Understanding the Header Files - C++

In the preceding section’s bullet on stream objects, we listed several header files. Each of these header files encapsulates a section of the overall C++ stream architecture. All these files come together with each other to give the complete I/O support provided by C++. Each of these files completes its specific task to give C++ the most diverse I/O functionality of any programming language. The purpose of each of the headers is as follows:

  • <fstream>. Contains the definition for several template classes that support the iostream header file’s operations on sequences stored in external files.
  • <iomanip>. Contains several single-argument manipulators.
  • <ios>. Contains a majority of the format manipulators basic to the operation of iostream header file’s classes.
  • <iosfwd>. Contains the forward declarations for the iostream header file’s classes.
  • <iostream>. Contains the declarations for the standard global stream objects such as cin and cout.
  • <istream>. Contains the extractors for inputting data from streams and includes the template class basic_istream. In other words, <istream> puts the I in I/O.
  • <ostream>. Contains the inserters for outputting a series of bytes and includes the template class basic_ostream.
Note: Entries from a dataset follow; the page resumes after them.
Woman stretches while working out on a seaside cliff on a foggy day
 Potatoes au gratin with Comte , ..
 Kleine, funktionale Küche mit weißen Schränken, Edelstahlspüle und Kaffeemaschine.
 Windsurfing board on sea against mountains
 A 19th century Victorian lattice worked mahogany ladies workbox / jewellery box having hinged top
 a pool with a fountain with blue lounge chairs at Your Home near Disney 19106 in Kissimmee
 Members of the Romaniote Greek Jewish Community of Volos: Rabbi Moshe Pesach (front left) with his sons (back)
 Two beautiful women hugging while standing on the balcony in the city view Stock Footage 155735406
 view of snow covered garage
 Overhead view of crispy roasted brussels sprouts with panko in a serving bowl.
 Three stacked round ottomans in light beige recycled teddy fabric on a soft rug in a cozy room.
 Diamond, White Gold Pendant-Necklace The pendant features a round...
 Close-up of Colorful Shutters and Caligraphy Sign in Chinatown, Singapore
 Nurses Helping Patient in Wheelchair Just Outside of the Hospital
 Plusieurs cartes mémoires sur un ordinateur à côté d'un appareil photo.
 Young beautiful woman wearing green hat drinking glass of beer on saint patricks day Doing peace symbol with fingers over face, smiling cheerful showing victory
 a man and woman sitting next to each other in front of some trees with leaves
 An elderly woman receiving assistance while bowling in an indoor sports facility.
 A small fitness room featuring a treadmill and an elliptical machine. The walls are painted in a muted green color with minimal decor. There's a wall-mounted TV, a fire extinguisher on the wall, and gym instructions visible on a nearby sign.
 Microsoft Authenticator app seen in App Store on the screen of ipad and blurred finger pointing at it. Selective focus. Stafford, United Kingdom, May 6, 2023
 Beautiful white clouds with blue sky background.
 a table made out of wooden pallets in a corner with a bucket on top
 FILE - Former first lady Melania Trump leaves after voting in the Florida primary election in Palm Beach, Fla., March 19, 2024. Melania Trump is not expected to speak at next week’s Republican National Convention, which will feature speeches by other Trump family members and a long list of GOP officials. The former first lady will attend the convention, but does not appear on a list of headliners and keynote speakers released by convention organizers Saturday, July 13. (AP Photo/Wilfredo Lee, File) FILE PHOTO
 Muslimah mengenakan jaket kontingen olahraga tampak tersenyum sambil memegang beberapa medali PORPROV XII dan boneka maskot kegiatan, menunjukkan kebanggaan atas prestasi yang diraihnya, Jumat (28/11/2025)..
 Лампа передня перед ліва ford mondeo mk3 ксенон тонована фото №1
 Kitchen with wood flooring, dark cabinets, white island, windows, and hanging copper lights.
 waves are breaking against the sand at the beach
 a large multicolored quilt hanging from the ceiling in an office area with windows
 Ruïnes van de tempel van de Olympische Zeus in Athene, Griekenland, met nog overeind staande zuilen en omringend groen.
Basically, <ostream> puts the O in I/O.
  • <sstream>. Supports the iostream header file’s classes’ operations on several sequences stored in character arrays with several template classes.
  • <streambuf>. Defines the basic_streambuf template class.
  • <strstream>. Defines classes that support the iostream header file’s classes’ operations on sequences stored in C-style character arrays.

With the exception of the ios_base class, each template class has a specialization class for characters. Figure shows the most commonly used template classes and their character specialization classes. However, this is not a complete list because several of the stream classes are beyond the scope of this book.

The class contained within each header file and the classes from which they are derived.Terms in bold represent header files, and terms without bold represent classes. The lines that link the classes indicate from which classes each class is inherited.

class contained within each header file and the classes

The ios_base Class

The ios_base class contains the byte storage common to all streams and the methods that are not dependent on template parameters. This byte storage stores the bytes that are being input and output until they reach their final destination. The several data types contained within the ios_base class provide the basis for controlling streams.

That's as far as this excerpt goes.